• WHAT YOU HAVE TO DO:
Your job is to return the whole listing unchanged while skipping its images.

• SUPPLIED INFORMATION:

----

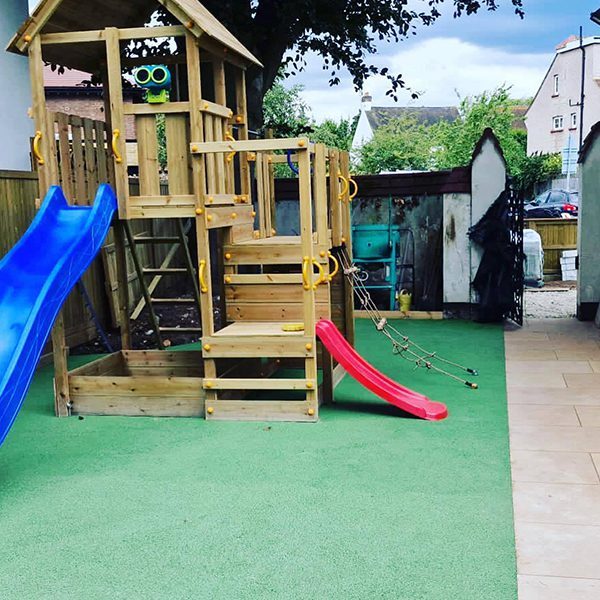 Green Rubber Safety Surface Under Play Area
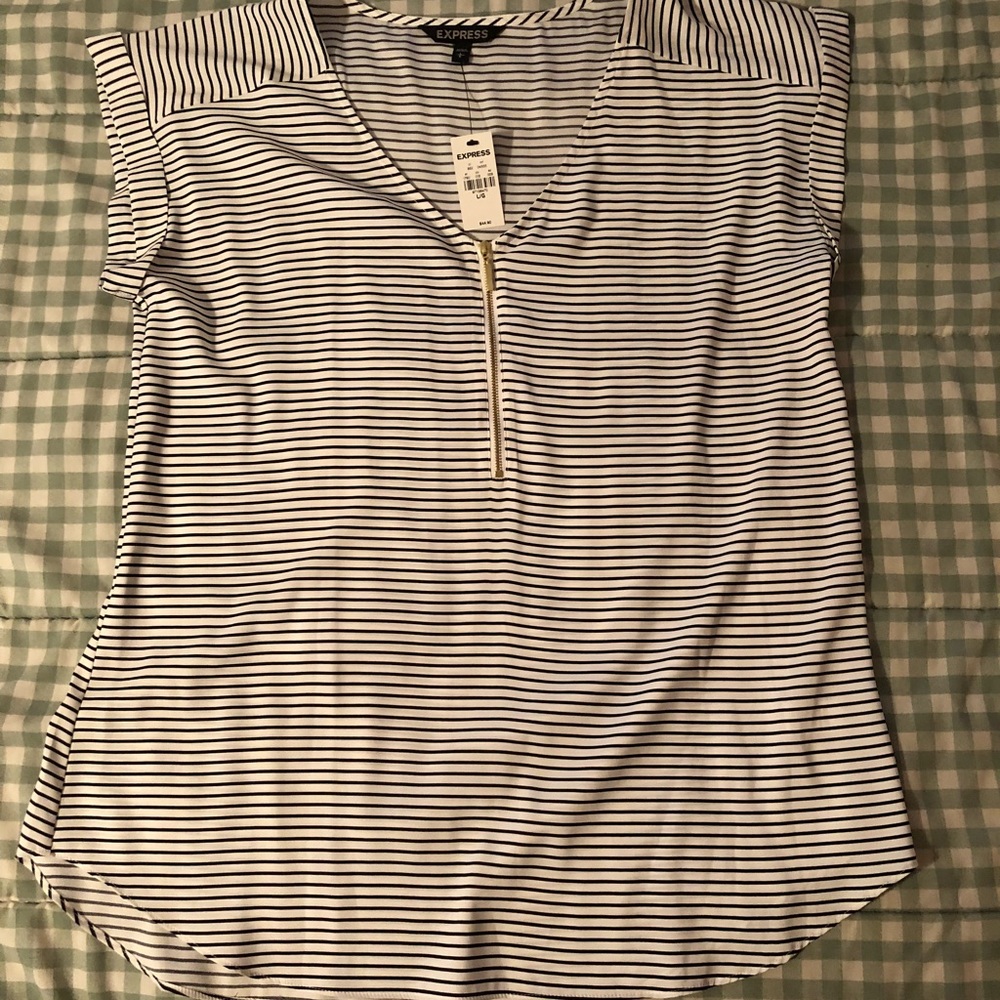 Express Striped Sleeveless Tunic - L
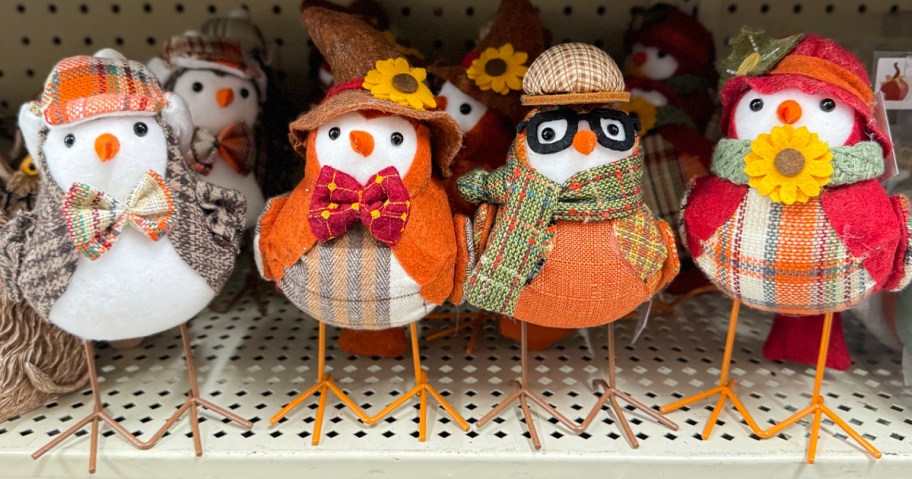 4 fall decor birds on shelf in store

----

• TASK ANSWER:
 Green Rubber Safety Surface Under Play Area
 Express Striped Sleeveless Tunic - L
 4 fall decor birds on shelf in store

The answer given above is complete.